Bij brief van 5 april 2022 heeft mr. Van Ham namens appellant het hoger beroep ingetrokken en gelijktijdig aan de Raad verzocht het Uwv te veroordelen in de proceskosten en tot vergoeding van de wettelijke rente.
Het Uwv heeft geen verweerschrift ingediend.
Onder toepassing van artikel 8:57 van de Algemene wet bestuursrecht (Awb) is het onderzoek ter zitting achterwege gelaten. Vervolgens is het onderzoek gesloten.

OVERWEGINGEN

Artikel 8:75a, eerste lid, eerste volzin, van de Awb bepaalt dat in geval van intrekking van het beroep omdat het bestuursorgaan geheel of gedeeltelijk aan de indiener van het beroepschrift is tegemoetgekomen, het bestuursorgaan op verzoek van de indiener bij afzonderlijke uitspraak met toepassing van artikel 8:75 van de Awb in de kosten kan worden veroordeeld.

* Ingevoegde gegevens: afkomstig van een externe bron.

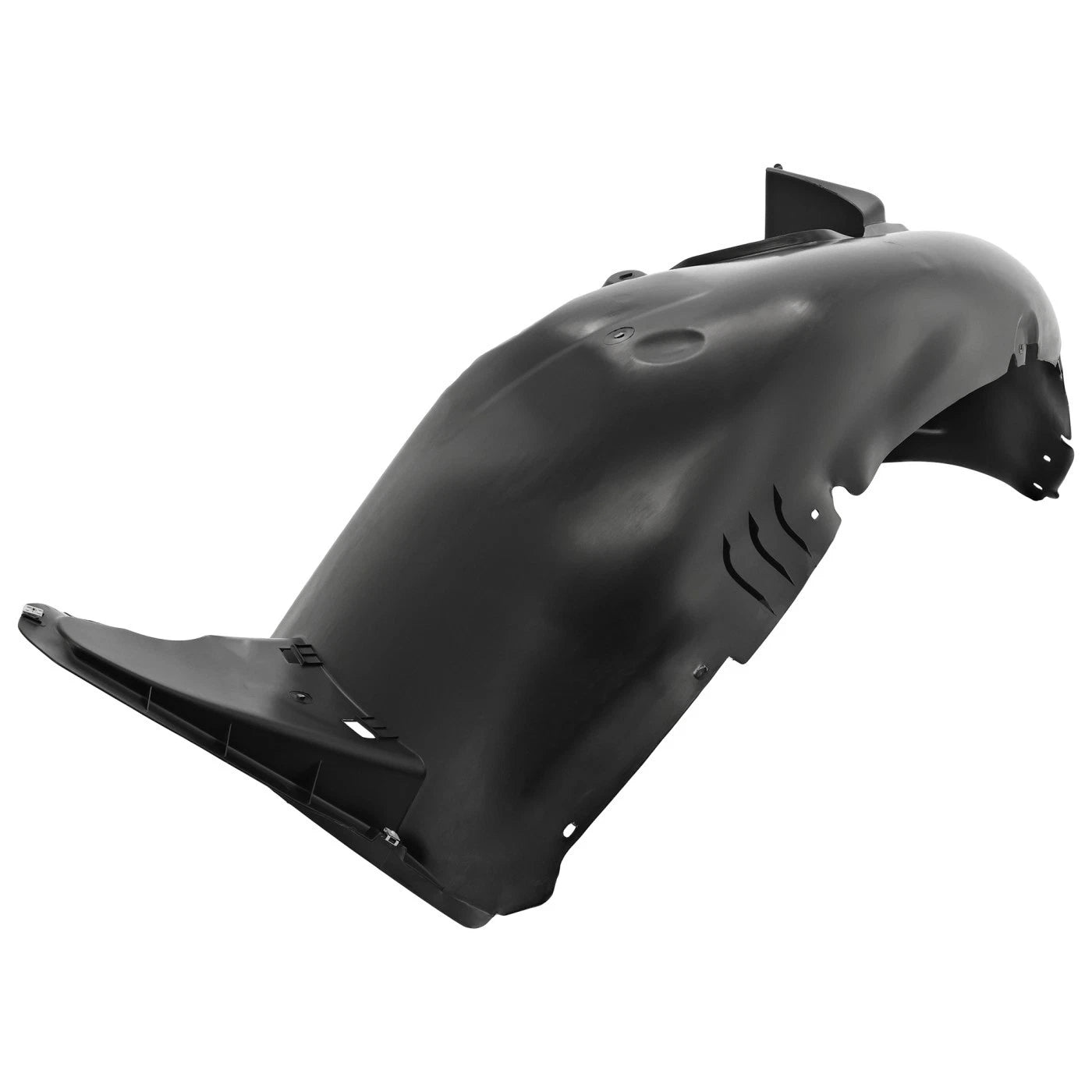 1pc Inner Fender Liner Compatible with Volkswagen Passat 2016-2019 VW1248137 Front Driver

Ingevolge artikel 8:108, eerste lid, van de Awb is deze bepaling van overeenkomstige toepassing op het hoger beroep.
Op grond van artikel 8:88, aanhef en onder a, van de Awb is de bestuursrechter bevoegd op verzoek van een belanghebbende een bestuursorgaan te veroordelen tot vergoeding van de schade die de belanghebbende lijdt of zal lijden als gevolg van een onrechtmatig besluit.
Namens appellant is het hoger beroep ingetrokken omdat het Uwv met de gewijzigde beslissing op bezwaar van 21 maart 2022 volledig aan de bezwaren van appellant is tegemoetgekomen.
Aangezien het Uwv de gemaakte kosten in bezwaar heeft vergoed, moet de Raad alleen nog oordelen over de in beroep en hoger beroep gemaakte kosten.
De Raad ziet aanleiding om het Uwv te veroordelen in de kosten die appellant in verband met de behandeling van het beroep en het hoger beroep redelijkerwijs heeft moeten maken.
De kosten worden, ingevolge het Besluit proceskosten bestuursrecht, begroot op
€ 1.518,- in beroep en € 759,- in hoger beroep voor verleende rechtsbijstand.
In totaal bedraagt de proceskostenvergoeding € 2.277,-
Het verzoek om het Uwv te veroordelen tot vergoeding van de wettelijke rente over de na te betalen uitkering wordt toegewezen. Voor de wijze waarop het Uwv de rente dient te berekenen wordt verwezen naar de uitspraak van 25 januari 2012, ECLI:NL:CRVB:2012:BV1958.
Voor vergoeding van het betaalde griffierecht kan appellant zich rechtstreeks tot het Uwv wenden.

BESLISSING

De Centrale Raad van Beroep
- veroordeelt het Uwv tot vergoeding van de wettelijke rente als hiervoor aangegeven;
- veroordeelt het Uwv in de proceskosten van appellant tot een bedrag van € 2.277,-.
Deze uitspraak is gedaan door S.B. Smit-Colenbrander, in tegenwoordigheid van H. Alajai als griffier. De beslissing is uitgesproken in het openbaar op 23 december.